*Your objective*
Only the last stretch of the records is wanted: restate word for word the line with "Building Photo - 209 King Arthur Ct" and every line after it.

*Exercise data*

################

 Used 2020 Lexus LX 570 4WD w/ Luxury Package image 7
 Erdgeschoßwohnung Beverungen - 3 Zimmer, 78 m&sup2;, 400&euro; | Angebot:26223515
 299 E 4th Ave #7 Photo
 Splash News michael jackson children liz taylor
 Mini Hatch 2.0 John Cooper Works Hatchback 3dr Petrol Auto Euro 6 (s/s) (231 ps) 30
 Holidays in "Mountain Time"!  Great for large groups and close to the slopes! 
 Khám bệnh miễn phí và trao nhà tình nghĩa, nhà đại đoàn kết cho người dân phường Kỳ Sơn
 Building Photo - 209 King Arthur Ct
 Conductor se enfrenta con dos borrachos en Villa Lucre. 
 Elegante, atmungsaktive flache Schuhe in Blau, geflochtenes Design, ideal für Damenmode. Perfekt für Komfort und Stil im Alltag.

################

*Output of the exercise*
 Building Photo - 209 King Arthur Ct
 Conductor se enfrenta con dos borrachos en Villa Lucre. 
 Elegante, atmungsaktive flache Schuhe in Blau, geflochtenes Design, ideal für Damenmode. Perfekt für Komfort und Stil im Alltag.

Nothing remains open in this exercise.